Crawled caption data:
####################

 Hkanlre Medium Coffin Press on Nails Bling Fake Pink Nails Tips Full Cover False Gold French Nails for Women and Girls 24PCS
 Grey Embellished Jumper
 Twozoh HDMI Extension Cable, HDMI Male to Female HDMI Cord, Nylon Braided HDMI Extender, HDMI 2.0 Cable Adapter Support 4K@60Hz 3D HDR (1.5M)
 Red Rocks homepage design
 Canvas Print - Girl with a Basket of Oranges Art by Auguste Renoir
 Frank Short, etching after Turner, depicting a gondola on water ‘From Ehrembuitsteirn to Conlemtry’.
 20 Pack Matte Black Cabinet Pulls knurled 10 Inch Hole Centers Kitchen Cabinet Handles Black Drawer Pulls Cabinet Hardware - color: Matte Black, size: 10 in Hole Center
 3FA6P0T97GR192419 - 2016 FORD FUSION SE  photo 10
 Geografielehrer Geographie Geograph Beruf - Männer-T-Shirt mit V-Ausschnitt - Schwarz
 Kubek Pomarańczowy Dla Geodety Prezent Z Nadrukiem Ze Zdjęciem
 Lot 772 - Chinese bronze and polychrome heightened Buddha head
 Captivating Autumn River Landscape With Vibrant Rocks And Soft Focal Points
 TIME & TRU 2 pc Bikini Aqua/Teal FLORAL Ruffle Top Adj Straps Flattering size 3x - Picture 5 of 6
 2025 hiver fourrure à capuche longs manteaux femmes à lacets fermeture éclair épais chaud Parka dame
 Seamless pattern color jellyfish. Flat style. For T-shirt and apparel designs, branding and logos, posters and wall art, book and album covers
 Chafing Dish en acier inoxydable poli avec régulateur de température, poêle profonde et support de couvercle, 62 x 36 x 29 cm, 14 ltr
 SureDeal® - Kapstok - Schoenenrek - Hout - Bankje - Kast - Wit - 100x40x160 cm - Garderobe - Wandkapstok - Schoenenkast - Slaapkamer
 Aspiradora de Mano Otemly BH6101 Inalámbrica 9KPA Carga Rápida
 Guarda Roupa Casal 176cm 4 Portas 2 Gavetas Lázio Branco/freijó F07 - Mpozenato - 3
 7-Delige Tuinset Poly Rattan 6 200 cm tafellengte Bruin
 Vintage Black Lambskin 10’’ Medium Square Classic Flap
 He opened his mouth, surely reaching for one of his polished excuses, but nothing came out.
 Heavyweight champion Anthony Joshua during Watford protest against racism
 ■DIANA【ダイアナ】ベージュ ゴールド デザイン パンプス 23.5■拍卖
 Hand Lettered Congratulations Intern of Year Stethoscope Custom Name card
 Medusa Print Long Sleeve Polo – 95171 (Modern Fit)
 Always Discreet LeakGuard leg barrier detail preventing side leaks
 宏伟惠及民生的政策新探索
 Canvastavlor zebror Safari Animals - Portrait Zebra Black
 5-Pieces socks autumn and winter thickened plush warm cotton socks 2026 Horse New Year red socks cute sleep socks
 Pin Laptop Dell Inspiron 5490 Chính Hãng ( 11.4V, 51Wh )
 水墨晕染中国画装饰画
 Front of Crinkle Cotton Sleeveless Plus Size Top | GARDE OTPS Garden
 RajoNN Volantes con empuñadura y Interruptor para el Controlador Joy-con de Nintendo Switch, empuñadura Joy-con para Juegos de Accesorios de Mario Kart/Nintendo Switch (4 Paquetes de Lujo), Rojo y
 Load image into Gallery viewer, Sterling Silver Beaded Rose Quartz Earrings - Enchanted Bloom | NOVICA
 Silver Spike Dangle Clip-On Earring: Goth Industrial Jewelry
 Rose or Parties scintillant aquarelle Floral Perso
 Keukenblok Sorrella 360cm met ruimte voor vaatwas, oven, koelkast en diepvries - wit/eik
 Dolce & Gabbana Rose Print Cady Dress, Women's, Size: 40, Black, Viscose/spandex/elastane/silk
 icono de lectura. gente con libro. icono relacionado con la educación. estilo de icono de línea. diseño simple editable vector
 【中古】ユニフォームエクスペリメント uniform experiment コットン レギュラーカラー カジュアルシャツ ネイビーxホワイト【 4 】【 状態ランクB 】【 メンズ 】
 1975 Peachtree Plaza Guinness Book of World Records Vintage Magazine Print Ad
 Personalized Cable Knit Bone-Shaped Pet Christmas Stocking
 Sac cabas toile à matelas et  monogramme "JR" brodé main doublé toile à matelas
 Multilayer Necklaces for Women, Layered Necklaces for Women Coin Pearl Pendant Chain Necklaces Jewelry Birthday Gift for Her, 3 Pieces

####################

INSTRUCTIONS FOR THE TASK
Above are the records; repeat exactly the lines from the one holding "デザイン パンプス 23.5■拍卖" down to the one holding "Rose or Parties", end lines included.

WRITTEN SOLUTION
 ■DIANA【ダイアナ】ベージュ ゴールド デザイン パンプス 23.5■拍卖
 Hand Lettered Congratulations Intern of Year Stethoscope Custom Name card
 Medusa Print Long Sleeve Polo – 95171 (Modern Fit)
 Always Discreet LeakGuard leg barrier detail preventing side leaks
 宏伟惠及民生的政策新探索
 Canvastavlor zebror Safari Animals - Portrait Zebra Black
 5-Pieces socks autumn and winter thickened plush warm cotton socks 2026 Horse New Year red socks cute sleep socks
 Pin Laptop Dell Inspiron 5490 Chính Hãng ( 11.4V, 51Wh )
 水墨晕染中国画装饰画
 Front of Crinkle Cotton Sleeveless Plus Size Top | GARDE OTPS Garden
 RajoNN Volantes con empuñadura y Interruptor para el Controlador Joy-con de Nintendo Switch, empuñadura Joy-con para Juegos de Accesorios de Mario Kart/Nintendo Switch (4 Paquetes de Lujo), Rojo y
 Load image into Gallery viewer, Sterling Silver Beaded Rose Quartz Earrings - Enchanted Bloom | NOVICA
 Silver Spike Dangle Clip-On Earring: Goth Industrial Jewelry
 Rose or Parties scintillant aquarelle Floral Perso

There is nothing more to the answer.